**WHAT IS REQUIRED:**
Your answer is the line containing "Winlar One Size" plus every line after it to the end of the data below, transcribed exactly and with nothing else.
§
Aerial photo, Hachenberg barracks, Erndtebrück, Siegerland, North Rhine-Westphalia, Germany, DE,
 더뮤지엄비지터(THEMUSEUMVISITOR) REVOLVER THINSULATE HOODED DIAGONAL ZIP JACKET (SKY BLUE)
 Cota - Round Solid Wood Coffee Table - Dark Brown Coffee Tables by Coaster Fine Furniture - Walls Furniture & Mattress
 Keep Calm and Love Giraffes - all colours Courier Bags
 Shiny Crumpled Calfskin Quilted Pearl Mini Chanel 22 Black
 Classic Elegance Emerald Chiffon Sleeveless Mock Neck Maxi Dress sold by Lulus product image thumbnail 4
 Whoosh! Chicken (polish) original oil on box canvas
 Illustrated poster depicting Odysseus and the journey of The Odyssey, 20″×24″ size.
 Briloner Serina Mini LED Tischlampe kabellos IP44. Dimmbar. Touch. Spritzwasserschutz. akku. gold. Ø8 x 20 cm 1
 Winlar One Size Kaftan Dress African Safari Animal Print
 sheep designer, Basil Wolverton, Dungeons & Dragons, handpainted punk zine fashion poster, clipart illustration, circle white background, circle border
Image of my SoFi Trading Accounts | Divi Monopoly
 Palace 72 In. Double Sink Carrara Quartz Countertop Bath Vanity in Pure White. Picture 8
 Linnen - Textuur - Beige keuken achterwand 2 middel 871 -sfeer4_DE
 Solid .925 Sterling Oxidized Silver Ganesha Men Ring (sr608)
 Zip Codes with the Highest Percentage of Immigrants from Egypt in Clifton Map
§
**OUTPUT OF THE EXERCISE:**
 Winlar One Size Kaftan Dress African Safari Animal Print
 sheep designer, Basil Wolverton, Dungeons & Dragons, handpainted punk zine fashion poster, clipart illustration, circle white background, circle border
Image of my SoFi Trading Accounts | Divi Monopoly
 Palace 72 In. Double Sink Carrara Quartz Countertop Bath Vanity in Pure White. Picture 8
 Linnen - Textuur - Beige keuken achterwand 2 middel 871 -sfeer4_DE
 Solid .925 Sterling Oxidized Silver Ganesha Men Ring (sr608)
 Zip Codes with the Highest Percentage of Immigrants from Egypt in Clifton Map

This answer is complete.